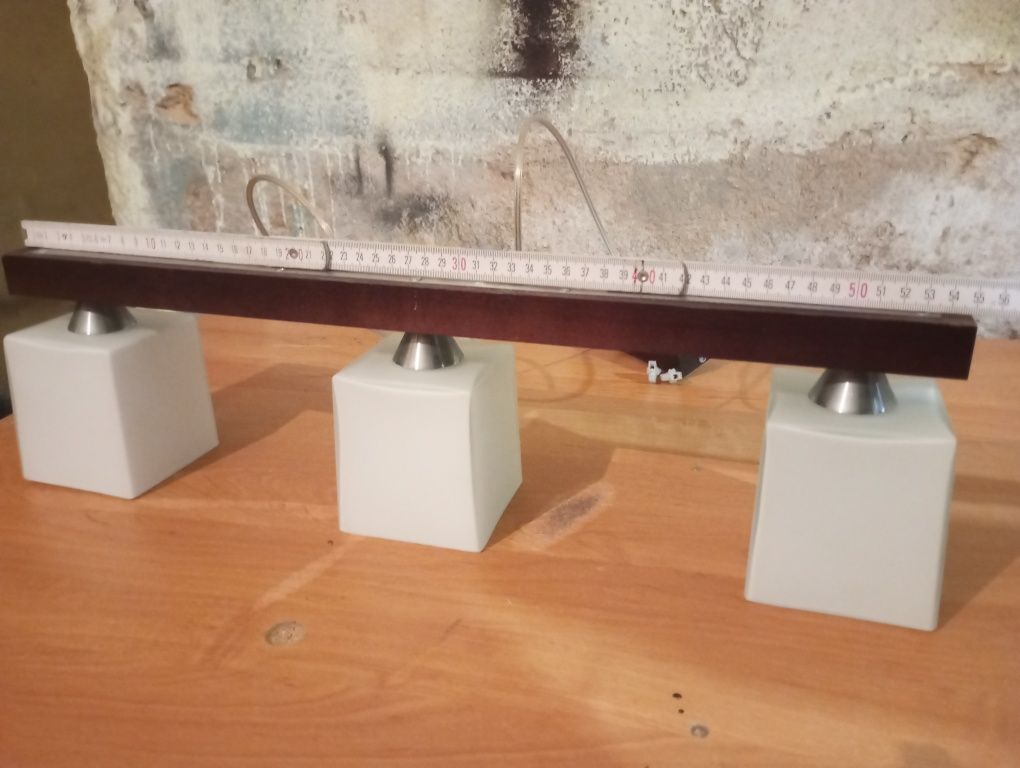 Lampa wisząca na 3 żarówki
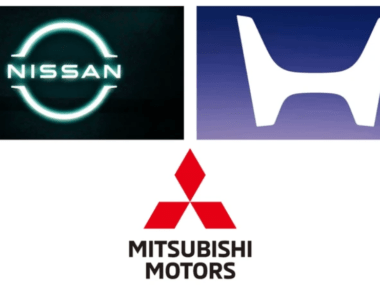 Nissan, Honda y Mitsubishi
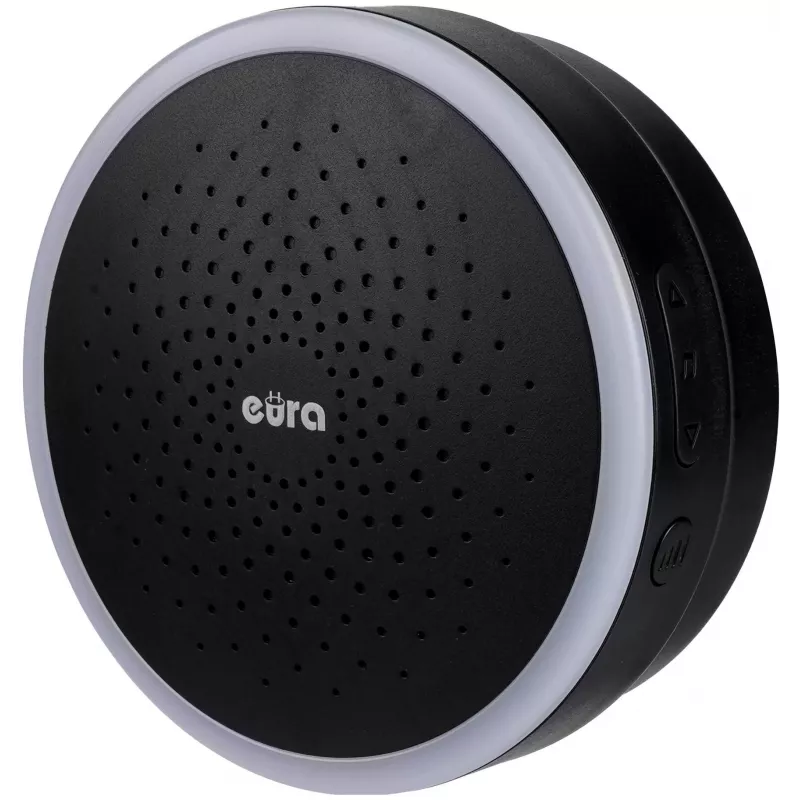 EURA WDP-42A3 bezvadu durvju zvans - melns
○ ○ ○ ○ ○ ○ ○
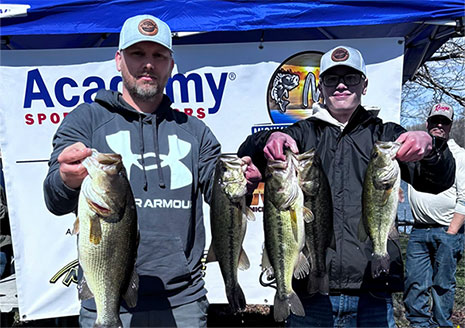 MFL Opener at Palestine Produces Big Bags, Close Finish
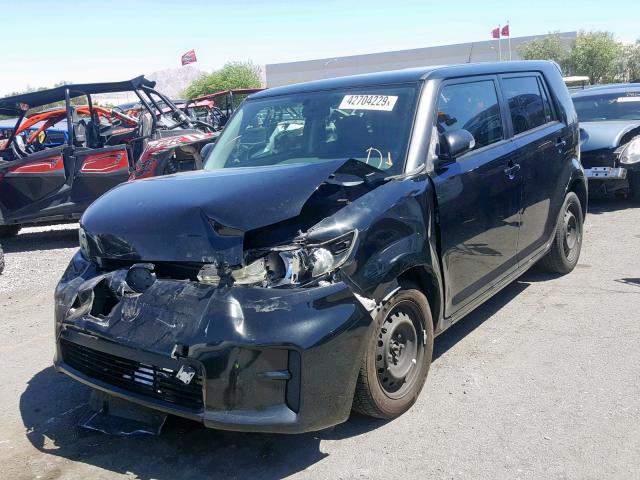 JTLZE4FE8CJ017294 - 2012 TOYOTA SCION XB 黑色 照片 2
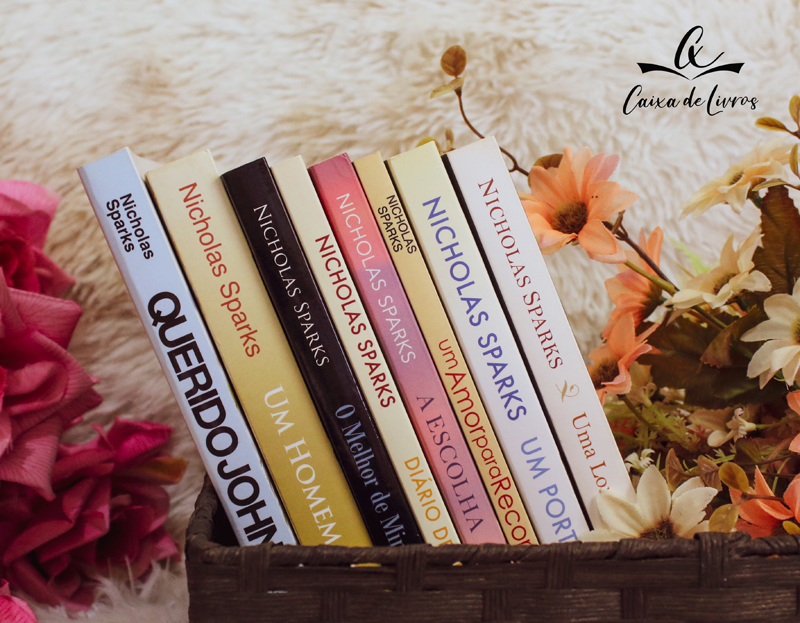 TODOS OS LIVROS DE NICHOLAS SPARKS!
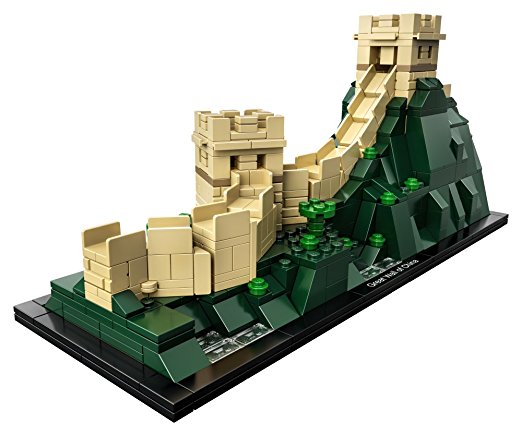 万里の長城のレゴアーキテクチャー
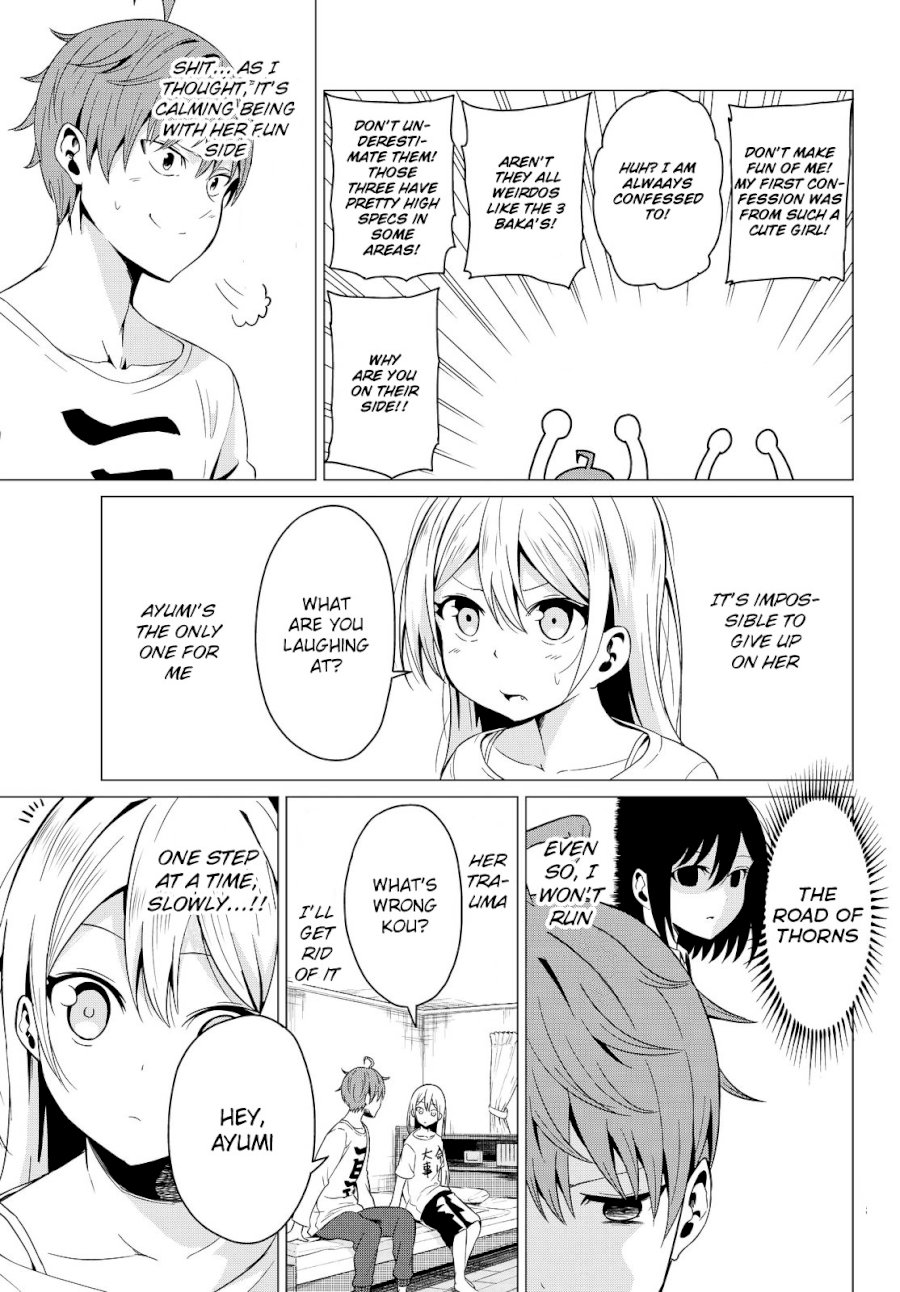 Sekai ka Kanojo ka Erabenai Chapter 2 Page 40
○ ○ ○ ○ ○ ○ ○
AIM OF THE EXERCISE
From the entries above, copy exactly the lines starting at the one with "JTLZE4FE8CJ017294 - 2012" and stopping at the one with "Sekai ka Kanojo", keeping both ends. Drop the pictures.

SOLUTION
 JTLZE4FE8CJ017294 - 2012 TOYOTA SCION XB 黑色 照片 2
 TODOS OS LIVROS DE NICHOLAS SPARKS!
 万里の長城のレゴアーキテクチャー
 Sekai ka Kanojo ka Erabenai Chapter 2 Page 40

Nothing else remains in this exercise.